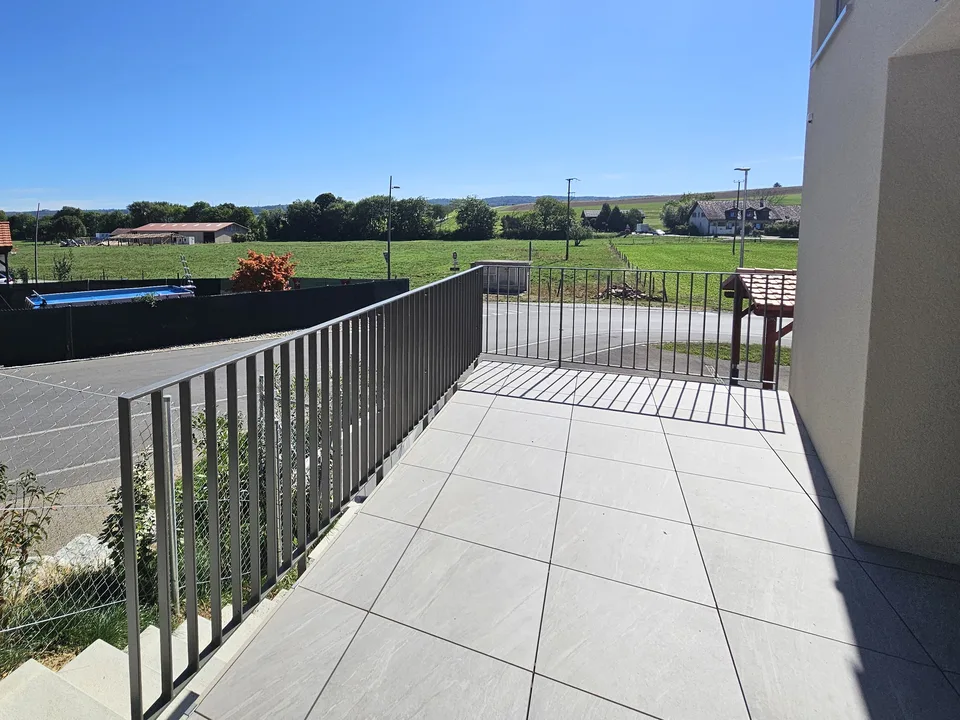 Villa mitoyenne neuve avec magnifique vue. – photo 2 sur 2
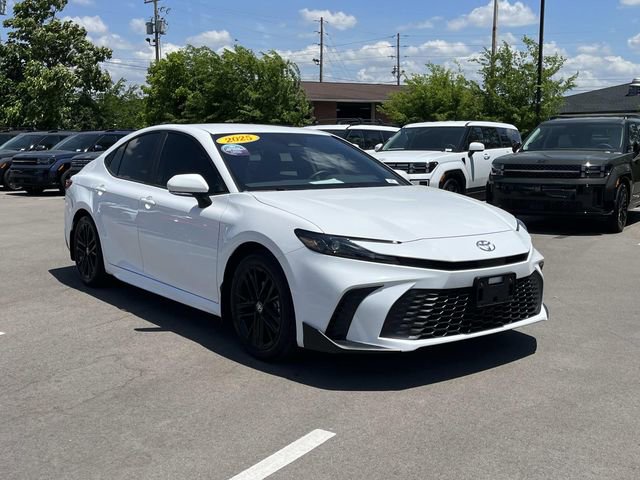 Used 2025 Toyota Camry SE FWD image 3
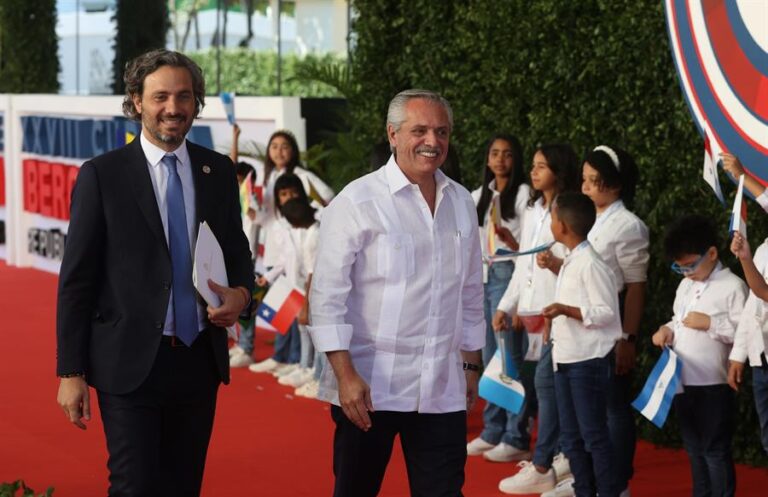 Alberto Fernández reitera críticas por proceso contra ME-O: 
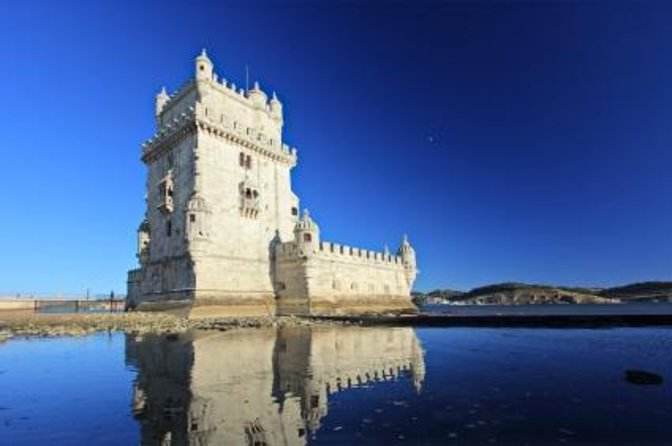 Private Vacation Photography Session with Local Photographer in Lisbon - Key details before you book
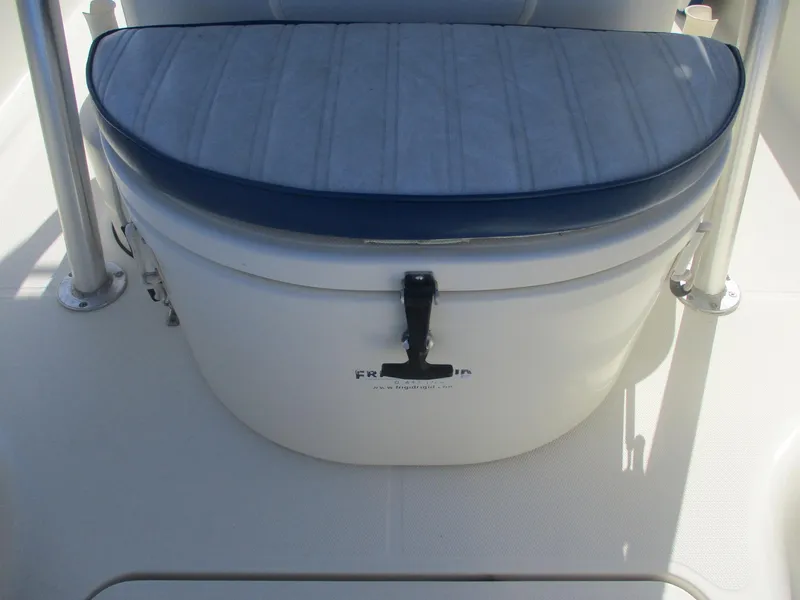 Slide: The Image of 2008 Hydra-Sports 23 Bay Bolt boat seat with storage compartment. - 14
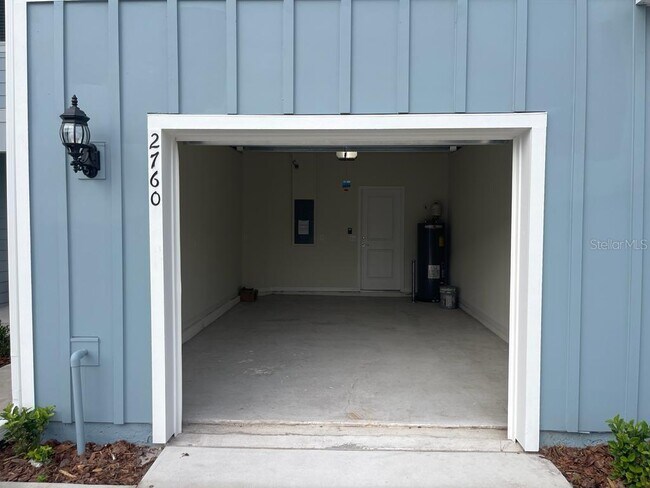 Building Photo - 2760 Bright Bird Ln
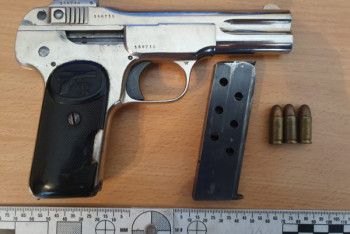 Фотография к новости: Пистолет времен ВОВ сдал в полицию житель Восточного Казахстана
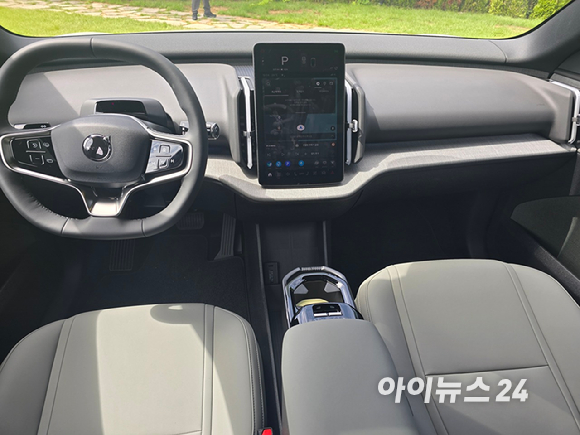 볼보 'EX30 CC'. [사진=김종성 기자]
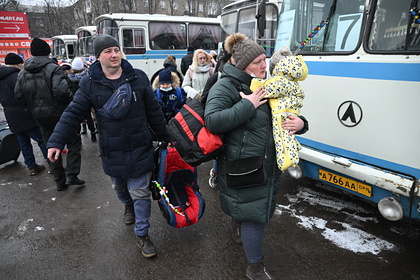 Зеленский назвал число эвакуированных из Киевской области и Сум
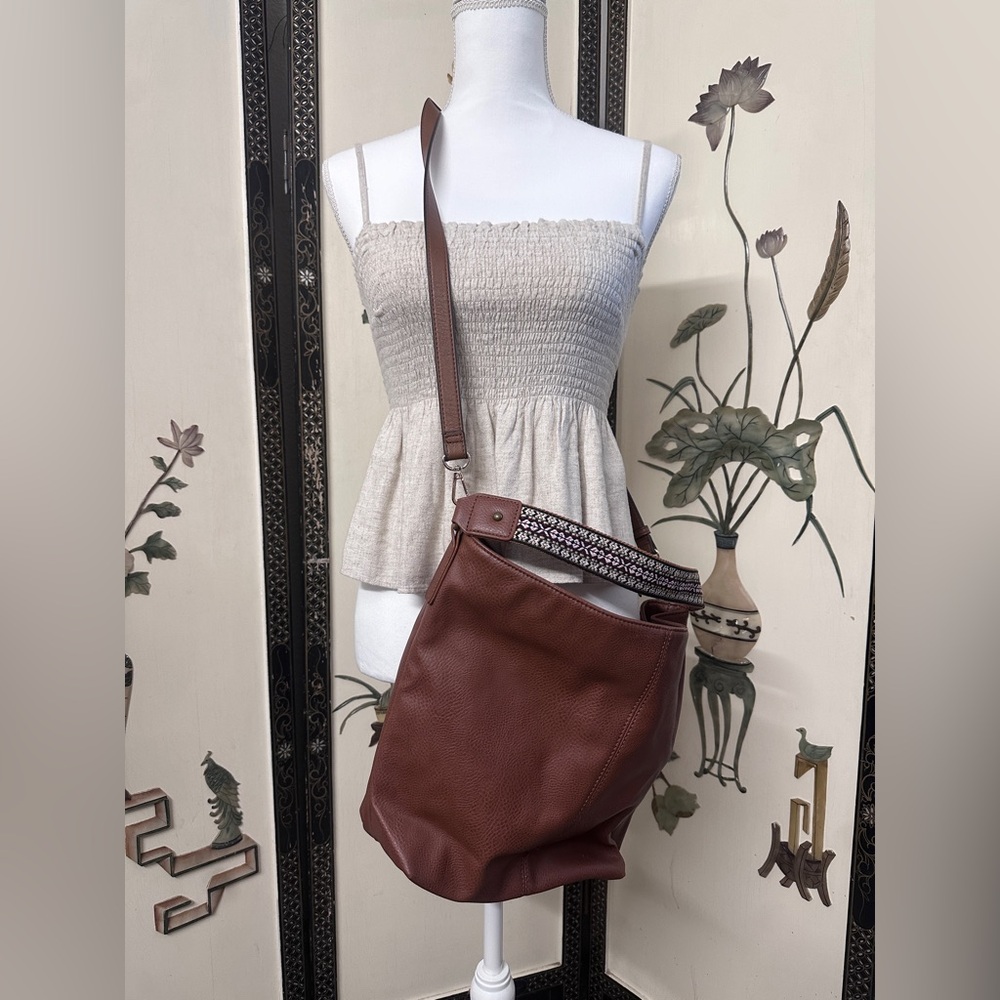 Chic Brown Shoulder Bag with Embellished Strap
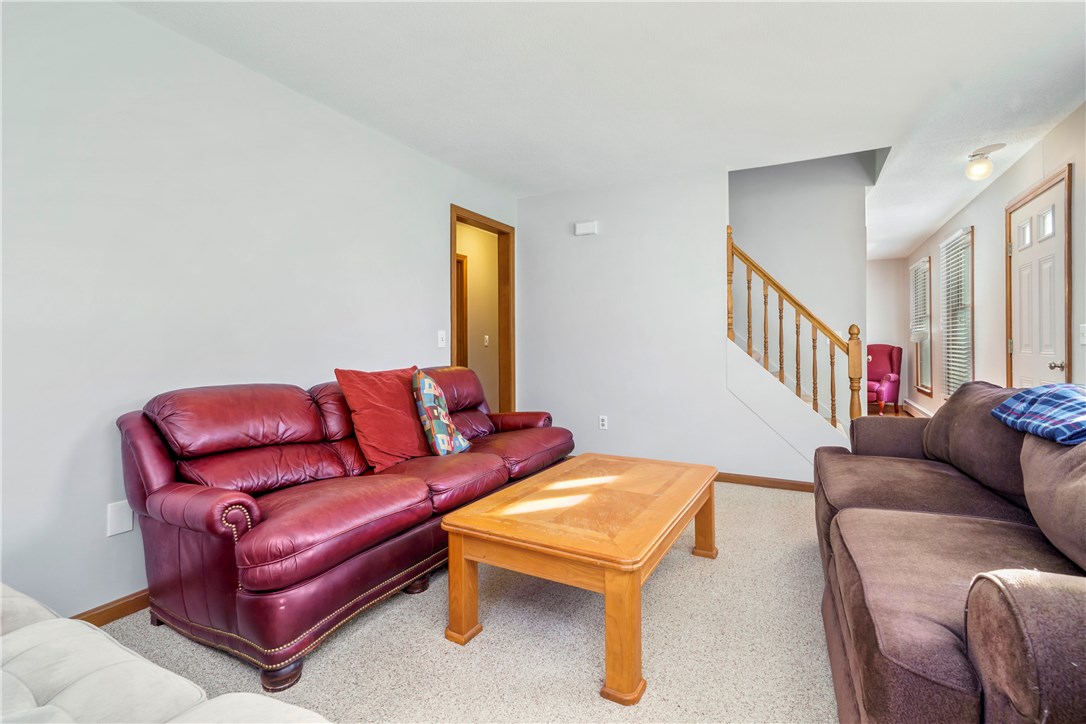 29 Robin Way Westerly, RI 02891 - Photo 9 of 40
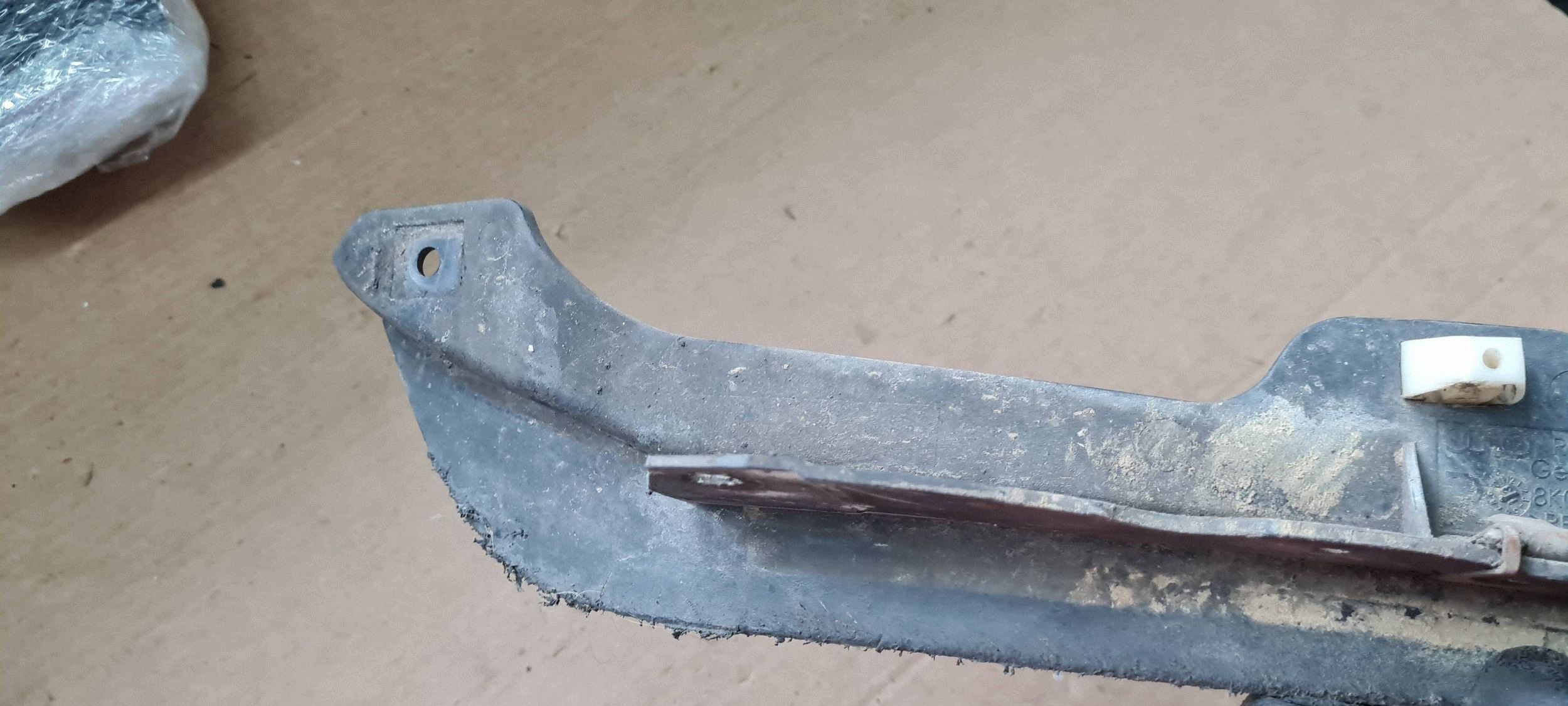 A4 B8 S4 LIFT SPOILER mudguard flap NADKOLA right front 8K0853888A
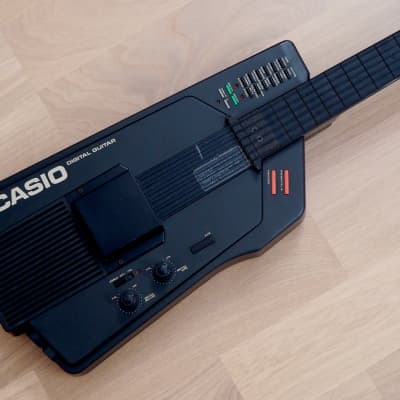 1981 Casio DG-1 Digital Guitar Synthesizer Drum Machine Black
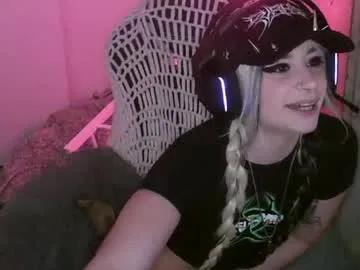 manicpixieslutt from Chaturbate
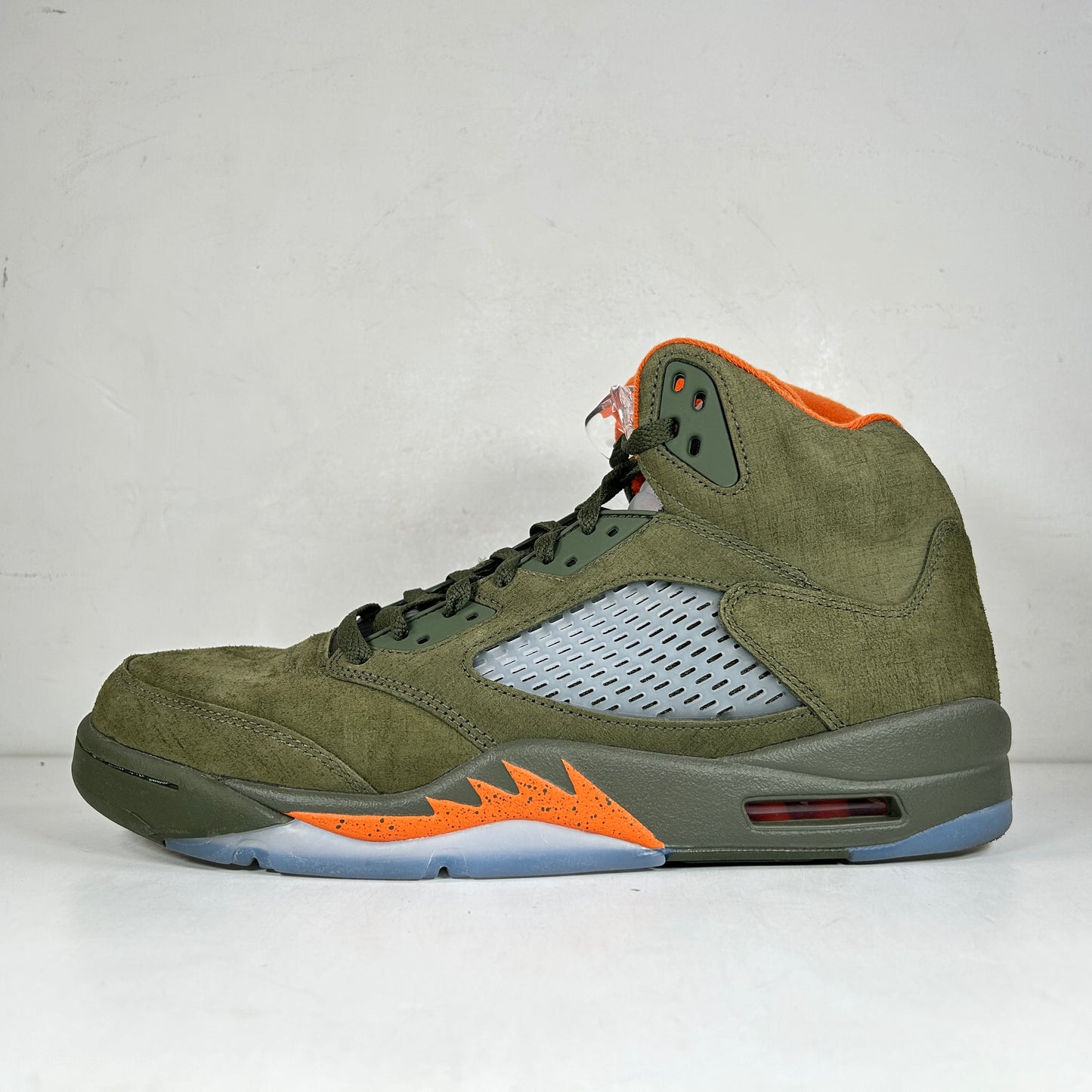 DD0587 308 Jordan 5 Retro Olive (2024) [USED] - 12 M (Used2)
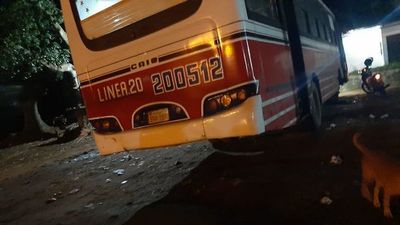 Chofer fue pillado con otra y agredió a su doña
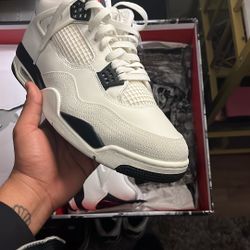 Air Jordan 4 Retro OG FC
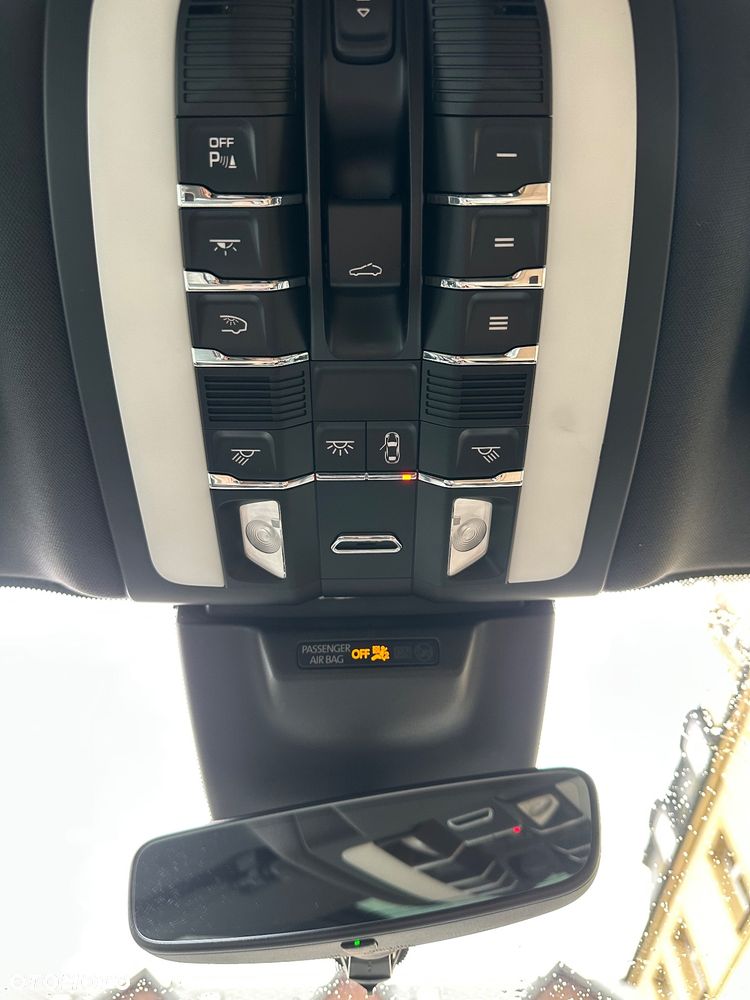 Porsche Macan S - 14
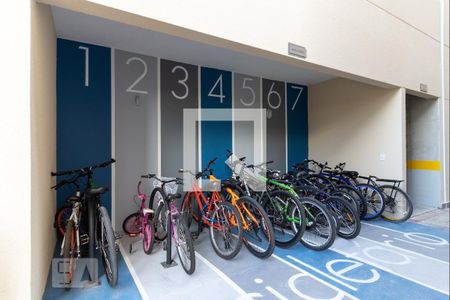 Apartamento à venda com 42m², 2 quartos e 1 vaga Apartamento à venda com 42m², 2 quartos e 1 vagaBicicletário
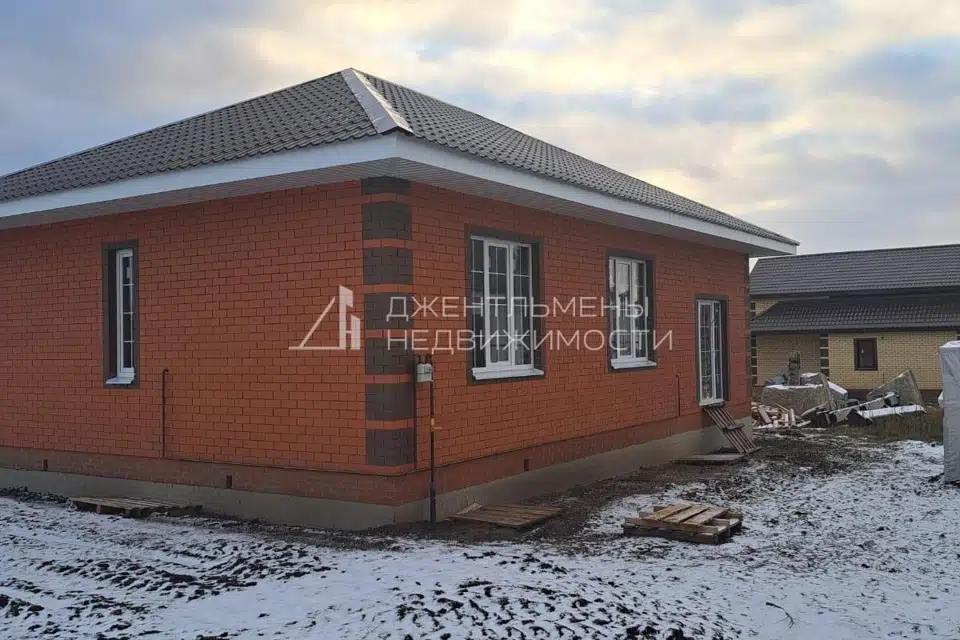 Продаётся 1-этажный дом, 100 м²
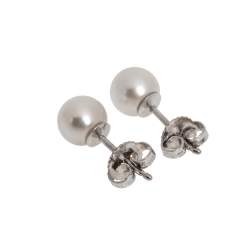Pre Owned Tiffany & Co. Tiffany Signature Cultured Pearl 18K White Gold Stud Earrings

▶ **EXERCISE OBJECTIVE**:
Go to the line that contains "Chofer fue pillado" and copy it and every line after it through the end of the entries, exactly, without the pictures.

▶ **EXPECTED ANSWER**:
 Chofer fue pillado con otra y agredió a su doña
 Air Jordan 4 Retro OG FC
 Porsche Macan S - 14
 Apartamento à venda com 42m², 2 quartos e 1 vaga Apartamento à venda com 42m², 2 quartos e 1 vagaBicicletário
 Продаётся 1-этажный дом, 100 м²
Pre Owned Tiffany & Co. Tiffany Signature Cultured Pearl 18K White Gold Stud Earrings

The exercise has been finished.